COL_CHINA_LOCATION = "china_location" # ??? no idea; only 1 in 0.5 million rows has a value, will delete

rename_dict = {
    "recommendationid": COL_RECOMMENDATION_ID,
    "appid": COL_APP_ID,
    "game": COL_GAME_TITLE,
    "author_steamid": COL_AUTHOR_STEAM_ID,
    "author_num_games_owned": COL_AUTHOR_NUM_GAMES,
    "author_num_reviews": COL_AUTHOR_NUM_REVIEWS,
    "author_playtime_forever": COL_AUTHOR_PLAYTIME_LIFETIME,
    "author_playtime_last_two_weeks": COL_AUTHOR_PLAYTIME_LAST_TWO_WEEKS,
    "author_playtime_at_review": COL_AUTHOR_PLAYTIME_AT_REVIEW,
    "author_last_played": COL_AUTHOR_LAST_PLAYED,
    "language": COL_LANGUAGE,
    "review": COL_REVIEW,
    "timestamp_created": COL_CREATED_AT,
    "timestamp_updated": COL_UPDATED_AT,
    "voted_up": COL_IS_VOTED_UP,
    "votes_up": COL_NUM_VOTES_UP,
    "votes_funny": COL_NUM_VOTES_FUNNY,
    "weighted_vote_score": COL_WEIGHTED_VOTE_SCORE,
    "comment_count": COL_NUM_COMMENTS,
    "steam_purchase": COL_IS_PURCHASED,
    "received_for_free": COL_IS_RECEIVED_FOR_FREE,
    "written_during_early_access": COL_IS_WRITTEN_DURING_EARLY_ACCESS,
    "hidden_in_steam_china": COL_IS_HIDDEN_IN_CHINA,
    "steam_china_location": COL_CHINA_LOCATION,
}

Rename and drop

In [6]:
for old_name, new_name in rename_dict.items():
    df = df.withColumnRenamed(old_name, new_name)
    
df = df.drop(COL_IS_HIDDEN_IN_CHINA, COL_CHINA_LOCATION, COL_AUTHOR_PLAYTIME_LAST_TWO_WEEKS)

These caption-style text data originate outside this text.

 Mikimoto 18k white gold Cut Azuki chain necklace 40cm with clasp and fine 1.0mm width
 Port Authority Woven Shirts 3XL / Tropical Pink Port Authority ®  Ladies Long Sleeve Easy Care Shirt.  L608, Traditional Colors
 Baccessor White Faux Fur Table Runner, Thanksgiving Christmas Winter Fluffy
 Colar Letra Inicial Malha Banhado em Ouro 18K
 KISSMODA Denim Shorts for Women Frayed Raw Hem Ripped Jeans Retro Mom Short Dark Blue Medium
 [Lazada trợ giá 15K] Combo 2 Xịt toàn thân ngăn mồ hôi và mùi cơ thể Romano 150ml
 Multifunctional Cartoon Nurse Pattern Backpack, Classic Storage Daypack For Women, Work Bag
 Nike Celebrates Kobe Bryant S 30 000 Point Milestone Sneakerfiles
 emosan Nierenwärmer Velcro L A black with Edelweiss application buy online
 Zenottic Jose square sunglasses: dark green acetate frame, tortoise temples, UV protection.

Cast to correct data types

In [7]:
df = df \
    .withColumn(COL_IS_PURCHASED, col(COL_IS_PURCHASED).cast(BooleanType())) \
    .withColumn(COL_IS_RECEIVED_FOR_FREE, col(COL_IS_RECEIVED_FOR_FREE).cast(BooleanType())) \
    .withColumn(COL_IS_WRITTEN_DURING_EARLY_ACCESS, col(COL_IS_WRITTEN_DURING_EARLY_ACCESS).cast(BooleanType())) \
    .withColumn(COL_IS_VOTED_UP, col(COL_IS_VOTED_UP).cast(BooleanType()))

Convert minutes to hours

In [8]:
playtime_columns = [
    COL_AUTHOR_PLAYTIME_LIFETIME, 
    COL_AUTHOR_PLAYTIME_AT_REVIEW,
]

for playtime_col in playtime_columns:
    df = df.withColumn(playtime_col, (col(playtime_col) / 60).cast(FloatType()))

Convert timestamp to date

In [9]:
timestamp_columns = [
    COL_AUTHOR_LAST_PLAYED, 
    COL_UPDATED_AT, 
    COL_CREATED_AT,
]

for timestamp_col in timestamp_columns:
    df = df.withColumn(timestamp_col, from_unixtime(col(timestamp_col)).cast(TimestampType()))

In [20]:
df.show()

+-----------------+------+--------------+-----------------+----------------------+------------------+------------------------+-------------------------+-------------------+---------+----------------------------------+-------------------+-------------------+-----------+------------+---------------+-------------------+-----------+------------+--------------------+------------------------------+
|recommendation_id|app_id|    game_title|  author_steam_id|author_num_games_owned|author_num_reviews|author_playtime_lifetime|author_playtime_at_review| author_last_played| language|                            review|         created_at|         updated_at|is_voted_up|num_votes_up|num_votes_funny|weighted_vote_score|num_comment|is_purchased|is_received_for_free|is_written_during_early_access|
+-----------------+------+--------------+-----------------+----------------------+------------------+------------------------+-------------------------+-------------------+---------+--------------------------

Filter out unreasonable data

In [10]:
unreasonably_funny_comments = col(COL_NUM_VOTES_FUNNY) > 10000000

df = (df
    .filter(col(COL_CREATED_AT) <= col(COL_UPDATED_AT))
    .filter(~unreasonably_funny_comments)
    .withColumn(COL_REVIEW, when(col(COL_REVIEW).isNull(), "").otherwise(trim(col(COL_REVIEW))))
    )

Filter out dates prior to steam release

In [None]:
# Define the Steam release date
steam_release_date = to_date(lit("2003-09-12"))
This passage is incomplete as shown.